Your answer must hold only the lines below from the line containing "Dual Tone Purple Black Sari Fabric" through the line containing "АФЕИД Божиќни Украси", each reproduced exactly.

[[ Data for the task, beginning ]]

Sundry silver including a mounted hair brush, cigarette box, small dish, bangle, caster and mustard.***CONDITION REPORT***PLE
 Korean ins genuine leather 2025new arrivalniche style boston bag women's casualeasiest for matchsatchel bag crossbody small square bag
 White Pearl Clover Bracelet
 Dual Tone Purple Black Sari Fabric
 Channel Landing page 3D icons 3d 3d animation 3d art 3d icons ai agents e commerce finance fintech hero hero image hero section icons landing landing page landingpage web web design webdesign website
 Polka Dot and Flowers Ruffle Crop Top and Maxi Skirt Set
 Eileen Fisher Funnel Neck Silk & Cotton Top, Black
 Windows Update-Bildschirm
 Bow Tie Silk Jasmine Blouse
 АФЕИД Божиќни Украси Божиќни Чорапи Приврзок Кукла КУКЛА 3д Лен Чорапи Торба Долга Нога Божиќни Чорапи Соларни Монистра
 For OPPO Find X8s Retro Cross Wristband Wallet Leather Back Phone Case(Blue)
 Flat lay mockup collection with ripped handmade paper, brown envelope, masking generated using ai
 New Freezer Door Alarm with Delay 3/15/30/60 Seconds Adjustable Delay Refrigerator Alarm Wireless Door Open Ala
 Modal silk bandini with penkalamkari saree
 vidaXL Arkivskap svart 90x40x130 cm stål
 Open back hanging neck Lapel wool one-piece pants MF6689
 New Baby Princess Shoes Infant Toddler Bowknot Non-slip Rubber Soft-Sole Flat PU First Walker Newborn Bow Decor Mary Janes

[[ Data for the task, end ]]

* _Response to the task_:
 Dual Tone Purple Black Sari Fabric
 Channel Landing page 3D icons 3d 3d animation 3d art 3d icons ai agents e commerce finance fintech hero hero image hero section icons landing landing page landingpage web web design webdesign website
 Polka Dot and Flowers Ruffle Crop Top and Maxi Skirt Set
 Eileen Fisher Funnel Neck Silk & Cotton Top, Black
 Windows Update-Bildschirm
 Bow Tie Silk Jasmine Blouse
 АФЕИД Божиќни Украси Божиќни Чорапи Приврзок Кукла КУКЛА 3д Лен Чорапи Торба Долга Нога Божиќни Чорапи Соларни Монистра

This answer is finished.